As discussed by Johnson and Tang (2005), and Magjuka, Shi, and Bonk (2005), these technology-based collaborations allow them to interact with each other and with professionals around the world, and can gain global knowledge resources. While this is unquestionably not a new concept, it is one that needs to be refreshed and strengthened as higher education is developed for BL. The roles of professors and learners are considered as an integral part of the changing process. Besides, the design theories, models and strategies of BL, it must lead these people to redesign and revolutionize their new roles in these communication environment carefully. The standards and rubrics for interactive class managements in higher education must direct their partnerships in these milieus as well. According to these concerns, there are four main issues about how to empower professors and learners:

1. building global knowledge networks to help professors and learners who are deeply engaged in BL-based activities in higher education by developing strong theoretical frameworks for their participations with each other in bringing about democratic changes in their classrooms,

2. supporting social, cultural and educational interact ions and collaborations between professors and learners to build spaces for them to see possibilities, potentials and implications of moving beyond transmission model of communicating about educational and social justice issues,

3. emphasizing the attitudes , beliefs and expectations of them to address important cultural and social problems by exploring how to bring educational and social justice into real-life experiences in BL environments,

4. documenting effective learning practices for a democratic decision-making and dialogic leadership to promote interaction amongst practitioners.

Results and Conclusions

This paper discusses a critical curriculum design for Blended Learning (BL) in higher education. The Radical Constructivist Theory (RCT) and Media Richness Theory (MRT) are the theoretical background of BL-based educational activities in classrooms. Furthermore, this paper developed a theoretical framework that discusses the strategies, principles and challenges of interactive classroom management. This is an open and flexible framework to support powerful engagements among professors and learners. They can share responsibilities in this BL milieu. As noted by Harris and Stephen (2004), BL should explain the diverse needs and expectations of professors and learners in bringing about democratic decision-making as dialogic leaderships play an important role in affecting deep community change. These are crucial issues to investigate their complex responsibilities that they can become well-rounded knowledge-workers to shape a society-based on authentic and participatory decision making.

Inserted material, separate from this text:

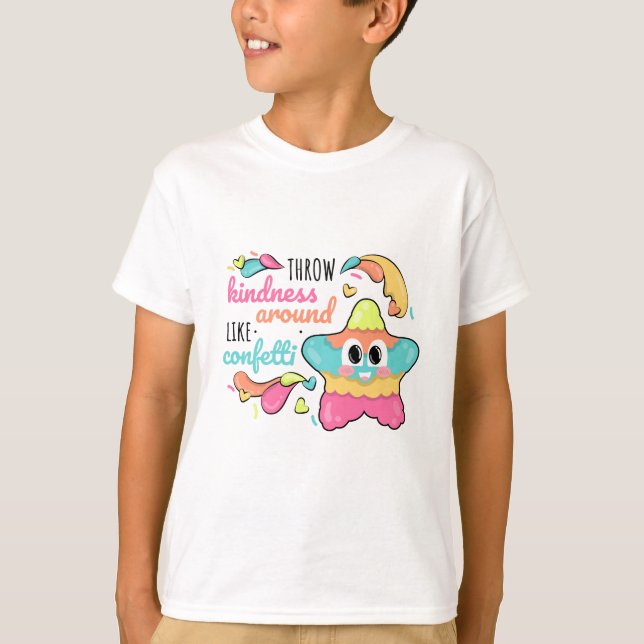 Camiseta Caracter Pinata Colorfull Confetti Kindeti (Frente)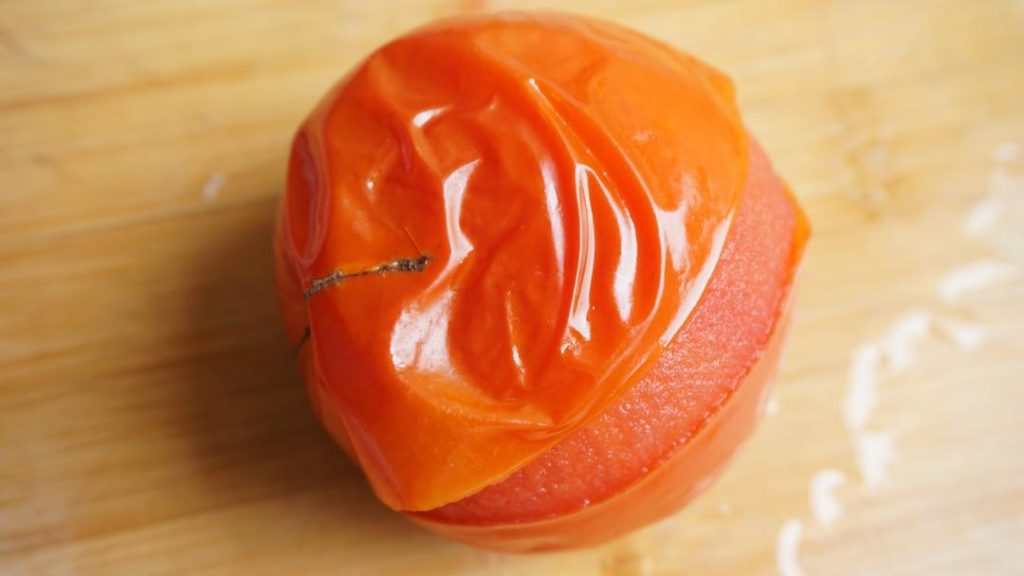 Tomatoes: Score a small "X" on the bottom of the tomato. Blanch in boiling water for 30 seconds, then peel the skin off. Dice the flesh.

Engaging professor and learners in building interactive classroom management was a realistic, intriguing and real-life experience in higher education. This framework models how they translate theory into practice and state a pedagogical guideline for a critical curriculum development. Besides, they can become cognitive coaches together to build online knowledge societies from a pedagogical perspective. Professor and learners can try to investigate the explicit definitions for their roles, and to realize their changing responsibilities in learning environments. Interactive classroom management, therefore, is critical that they must restructure their collaboration styles to contribute high-quality communication skills and strategies.